Seorang pria paruh baya yang menjadi sopir taksi itu sibuk menurunkan koper-koper besar milik Silvax, terlihat sedikit kesal dengan jumlah barang yang harus ia keluarkan. Di sebelah taksi, terlihat beberapa kardus yang tampaknya cukup berat, ditumpuk dengan sembarangan di atas tanah.

"Astaga, lelah, Nona... Kau membawa barang sebanyak ini hanya untuk pindah ke tempat kecil ini... Dasar, kau seperti tidak punya kerjaan," keluh pria itu sambil menatap Silvax dengan mata yang sedikit memicing, jelas-jelas kelelahan.

Namun, Silvax hanya berdiri di sana, diam tanpa ekspresi, tatapannya kosong, seolah tidak peduli dengan komentar pria itu. Saat taksi itu pergi dan debu jalanan berangsur mengendap, ia menghela napas panjang, terdengar berat dan penuh dengan rasa putus asa.

"(Aku telah kembali ke Korea...)" pikirnya sambil memandang sekeliling, matanya mengamati rumah kayu itu dengan seksama. "(...Tapi aku membeli kawasan ini untuk aku tinggali sendiri, tanpa ada apa pun... Siapa yang menyangka ketika aku sudah di sini, aku bahkan mendapatkan kabar bahwa aku dikeluarkan dari kampus karena tidak masuk selama beberapa minggu... Karena identitas asliku hampir terungkap, aku harus bisa berpikir lebih jauh untuk melindungi identitasku...)"

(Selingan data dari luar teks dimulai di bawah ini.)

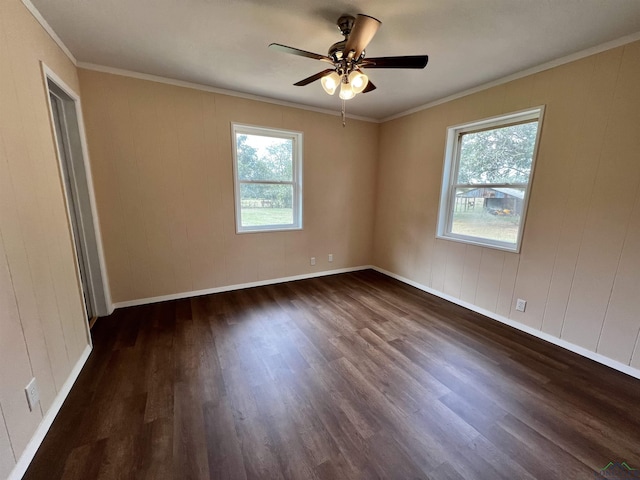 empty room featuring ceiling fan, dark hardwood / wood-style flooring, and ornamental molding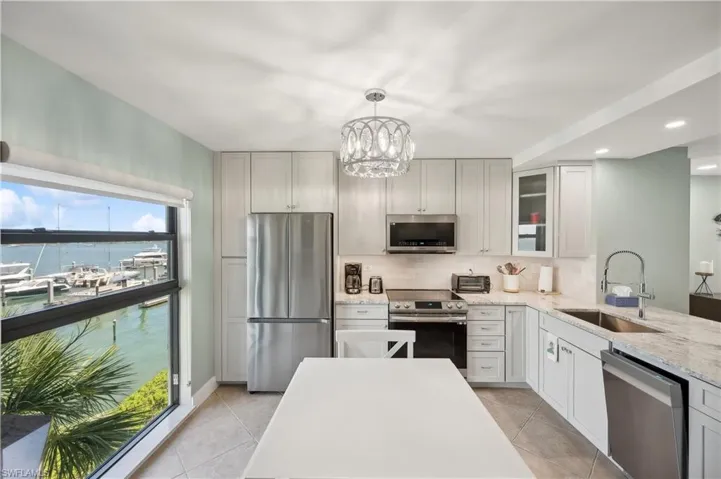 Kitchen with sink, a healthy amount of sunlight, light tile flooring, and appliances with stainless steel finishes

Dia berdiri diam sejenak, membiarkan pikirannya berkecamuk. Namun, alih-alih berusaha menenangkan diri, pikirannya justru disesaki oleh bayangan Alfavian. Wajah pria itu tiba-tiba muncul dalam benaknya, membuatnya mendengus kesal dan memalingkan wajah.

"Aku tidak peduli dia mati atau tidak, dia lah yang membuat semua ini memburuk..." gumamnya dengan suara pelan, namun penuh emosi.

Tanpa banyak bicara, ia berlutut di depan salah satu kardus yang tergeletak di sana dan mulai membukanya. Bau kayu dan logam bercampur menyeruak begitu kardus itu terbuka. Di dalamnya, tersimpan sebuah senjata shotgun, senjata yang terlihat terawat dengan baik. Ia menyentuhnya dengan hati-hati, merasakan dinginnya logam itu di tangannya. Senjata itu memiliki kekuatan mematikan, sekali tembak mampu menembus banyak sasaran, dan jika digunakan dari jarak dekat, korbannya akan langsung hancur tanpa ampun.

Di antara ranting pohon yang bergoyang di dekat rumah itu, seekor burung kecil tampak hinggap, kepalanya menoleh ke kanan dan kiri, seolah penasaran dengan kehadiran Silvax. Burung itu hanyalah burung biasa, tidak berbahaya, namun menjadi sasaran berikutnya dari senjata mematikan itu. Silvax mengangkat senapannya, membidik dengan tenang. Tidak ada keraguan di matanya, hanya tatapan dingin tanpa emosi.

Tiba-tiba, suara ledakan keras memecah kesunyian. Suara tembakan pertama terdengar menggema di tengah hutan yang sepi, disusul oleh burung kecil yang jatuh dari pohon dengan tubuh hampir hancur. Darahnya mengotori rumput di bawah pohon, menciptakan pemandangan yang kontras dengan ketenangan tempat itu.

Silvax menurunkan senjatanya perlahan, ekspresinya tetap sama—datar dan tanpa penyesalan. Ia memeriksa senjatanya sejenak sebelum menyimpannya kembali ke dalam kardus. "(Masih terlihat bagus... Tapi aku akan sering mengecek kondisinya pada pria militer itu...)" pikirnya sambil menutup kardus itu dengan hati-hati.